Lieferengpässe wie im Neuwagenmarkt treffen die Werkstätten mittlerweile weniger. „Ersatzteile sind da“, sagt Schüler. Bei Komponenten für Elektroautos könne es zu Wartezeiten kommen, aber noch werden diese Teile kaum nachgefragt. Die meisten E-Autos sind noch nicht alt genug, um massenweise in die Werkstatt zu müssen. Schaeffler und andere Ersatzteilhersteller bereiten sich trotzdem darauf vor.
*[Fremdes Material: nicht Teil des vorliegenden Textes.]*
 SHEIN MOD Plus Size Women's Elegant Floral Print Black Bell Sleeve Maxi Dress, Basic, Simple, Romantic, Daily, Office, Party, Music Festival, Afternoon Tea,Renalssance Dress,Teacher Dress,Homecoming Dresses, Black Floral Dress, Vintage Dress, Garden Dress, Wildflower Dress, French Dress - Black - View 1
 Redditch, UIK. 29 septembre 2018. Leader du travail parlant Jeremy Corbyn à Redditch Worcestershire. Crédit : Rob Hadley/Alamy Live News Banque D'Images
In Elektroautos liegt eine Chance. Schüler zeigt die Schachtel mit der „Reparaturlösung“ seines Unternehmens für die elektrische Antriebsachse des VW eGolf, der 2017 auf den Markt kam und inzwischen nicht mehr gebaut wird. „Eine Austausch-E-Achse kostet mehr als 5.000 Euro, unsere Reparaturlösung wird dagegen deutlich unter 1.000 Euro liegen“, sagt der Manager. „Wir zeigen der Werkstatt, wie man das Elektroauto reparieren kann, und wollen die Reparatur demystifizieren. Dafür bieten wir Reparaturanleitungen an und vermitteln mit Trainern die technische Kompetenz.“
Schüler folgt damit geradezu mustergültig den Vorschlägen der Berater von Roland Berger, die in einer aktuellen Studie zum Aftermarket feststellen, die Chance für Teilehersteller liege darin, ihr Produktportfolio um spezifische Komponenten für Elektroautos zu erweitern. „Dies wird besonders dann erfolgreich sein, wenn es ihnen gelingt, diesen Übergang zu nutzen, um sich als vertrauenswürdiger, langfristiger Partner für Werkstätten zu positionieren“, schreiben die Berater in dem Papier, das der europäische Zuliefererverband Clepa in Auftrag gegeben hat. Auf diesem Weg könnten die Ersatzteilhersteller auch dazu beitragen, dass mehr freie Werkstätten überleben können. Denn mit Hochvolttechnik kennen sich bisher noch nicht so viele Automechaniker aus.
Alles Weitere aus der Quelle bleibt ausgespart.